Special Needs and the Eleven Plus
Quite simply, despite his special needs The Sensory Seeker wanted to take the eleven plus. He wanted to prove that he could do it (he was in the school for four hours) and have the same opportunity to go to the grammar schools that his three brothers did before him. He also wanted his special day – as we reward the hard work with special treats on that day. He wanted to earn his reward like his brothers – and not just been given them.
SEN Help with the Eleven Plus
To have extra help in our area you have to provide the school where you wish them to sit the test any additional evidence as to why and what help that should be provided for them to make it a fair test. I seem to recall the turnaround was pretty tight with applying and submitting this. We waited until we had what we needed to hand in straight away. In our case it was a full copy of his EHCP and a letter from Explore Learning just further stating why they believed he required a smaller room and extra time. They awarded him 25% extra time (whether he got it or not we do not know) and a room with just the other children who needed extra time. This actually meant that they were probably the children most likely to cause a disturbance though to be fair, and there was a boy upset and kept messing with his zip.
The Run up to the Eleven Plus
We paid for him to sit one mock exam to give him a feel of what the eleven plus exam would be like. We only did one because it would be different from him – as the mocks have more children and wouldn’t give the extra time, or know about his needs. The emphasis about the eleven plus was mainly focused on the special day. Tests he really fluctuated between getting 25% on tests to getting high eighties! It really has been an emotional roller coaster.
The one thing we have focused on is how proud we are that he has wanted to give it a go – an important lesson for life. Plus it has meant that he has worked towards something in a group (he went to sessions at Explore Learning), it means he has had taken exams, and learned to be under exam conditions.
The Day of the Eleven Plus
I was a bit confused because the drop off and pick up times were the same as all the other children – meaning he either didn’t have his extra time or they had cut short his break. If really needs be I guess this could be grounds for appeal. I doubt very much we will be appealing.
He went in happy and he came out happy – and that’s all that really matters. Children were allocated colours and his colour was clearly an indicator of his needs and at drop off and pick up the fact that he was this colour seem to be of high importance, so I felt that he had been well looked after. He felt it went well, but then say he answered things in the wrong section. He was so proud of himself saying, “see I told you I could do it!”

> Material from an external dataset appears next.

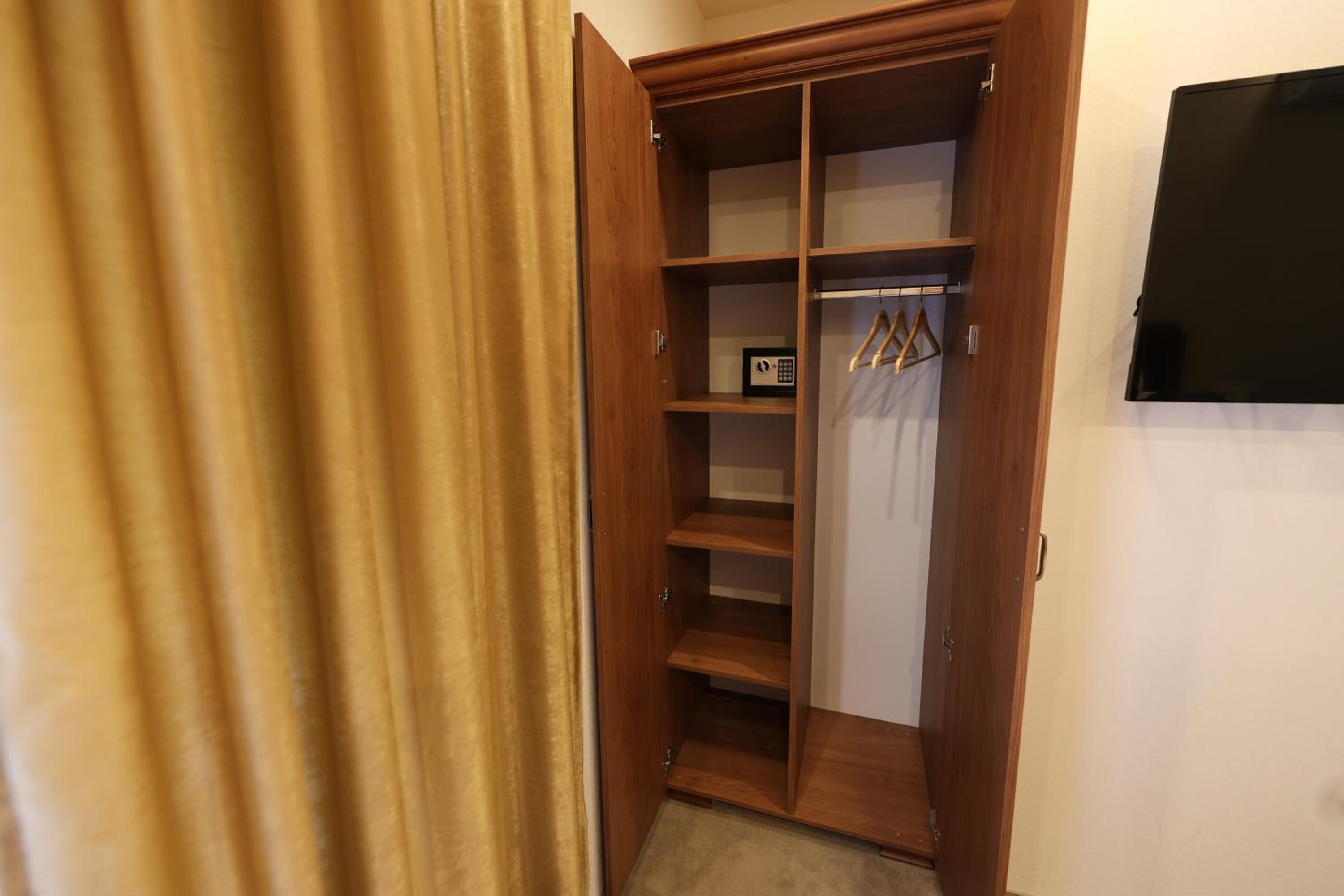 Deluxe Double Room with Balcony - Photo 6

Then we had his special day. He had been awake since 4am on the morning of the test and I am surprised that he managed to stay awake until 2am the following day when the decision was made for him to go to bed. We are quite strict on bedtimes and so this was very late indeed for him to stay up as a treat. We had bought him the LEGO he had asked for because he wanted to build it with me and took him out for dinner and desert the places he wanted to go. Plus he generally just played computer games outside of the hours we normally allow.
The Eleven Plus Results
We now have just under a month to wait for the results but I have heard of another school that sounds much more suitable for him, in my opinion. I am going to see if we can look around and convince him that the grammar school he wants to go isn’t his only choice. The wait for the results is less than 4 weeks too – so we shall see.